Your assignment: Since the records include pictures, leave those out while you reproduce exactly and only the lines from the one containing "- Guest Management" through the one containing "Nike Tech Fleece", inclusive.
======
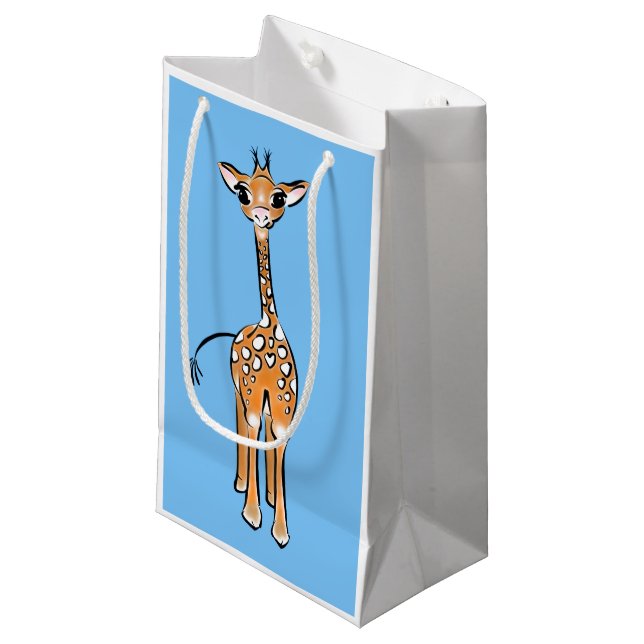Cute Giraffe teckning, safari-djur (Framsidan Vinklad)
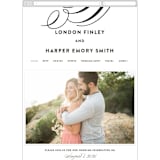 "Twirl Monogram B" - Wedding Website in Blush by Ariel Rutland - Guest Management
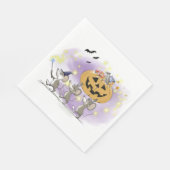 マイク・Mac・萌のハッピーハローウィン スタンダードランチョンナプキン (角)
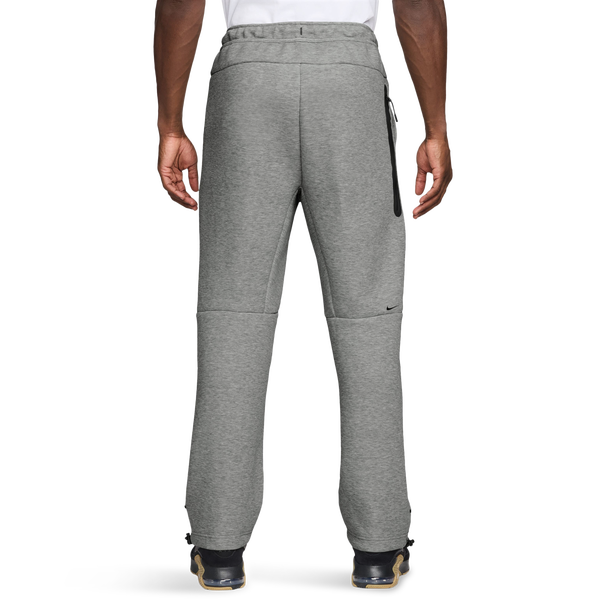 Nike Tech Fleece Open Hem Pants - Men's - Black/Dark Grey Heather - Image 2
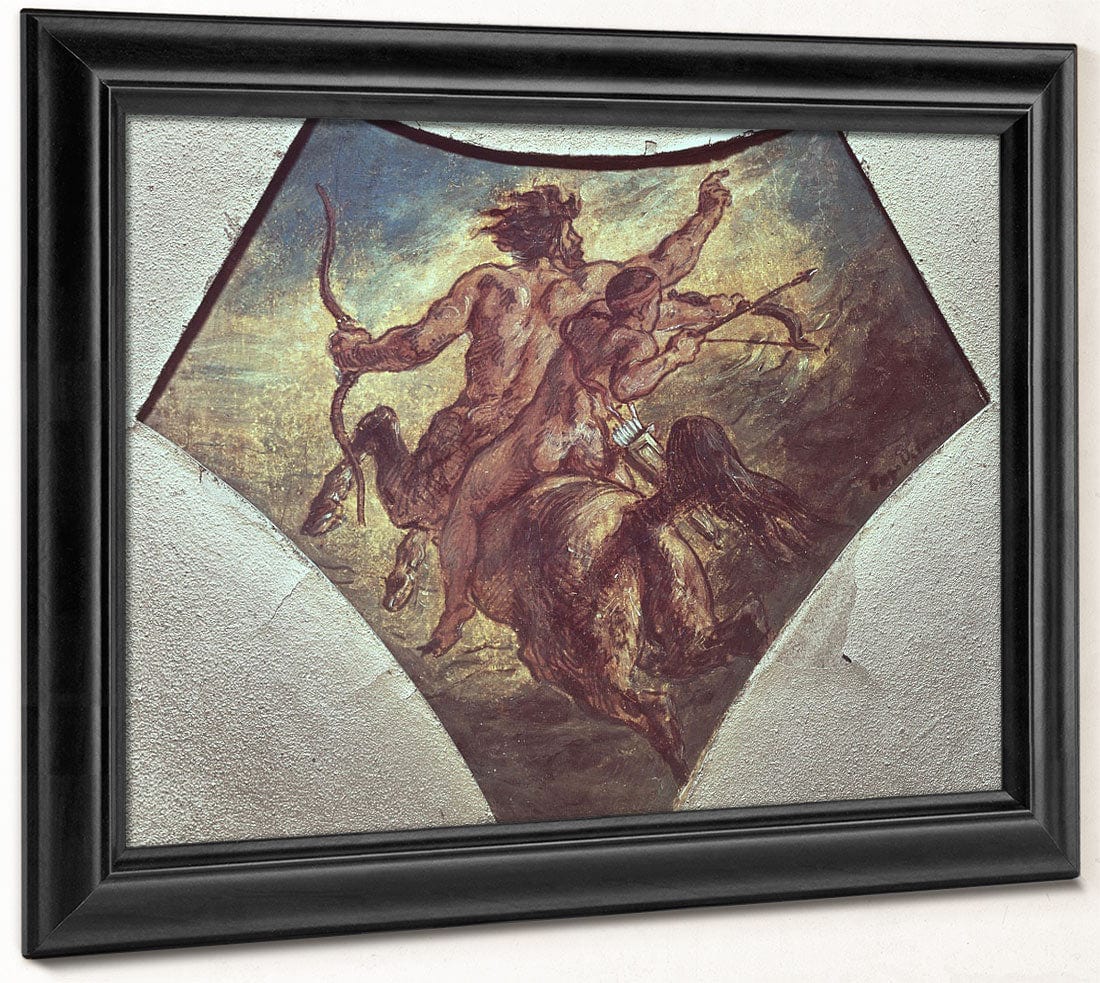 The Education Of Achilles (Replica Of The First Sketch Made For One Of The Four Pendentives In The Coupole De La Poesie In The Chamber Of Deputies By Ferdinand Victor Eugene Delacroix - Image 6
======
Exercise response:
 "Twirl Monogram B" - Wedding Website in Blush by Ariel Rutland - Guest Management
 マイク・Mac・萌のハッピーハローウィン スタンダードランチョンナプキン (角)
 Nike Tech Fleece Open Hem Pants - Men's - Black/Dark Grey Heather - Image 2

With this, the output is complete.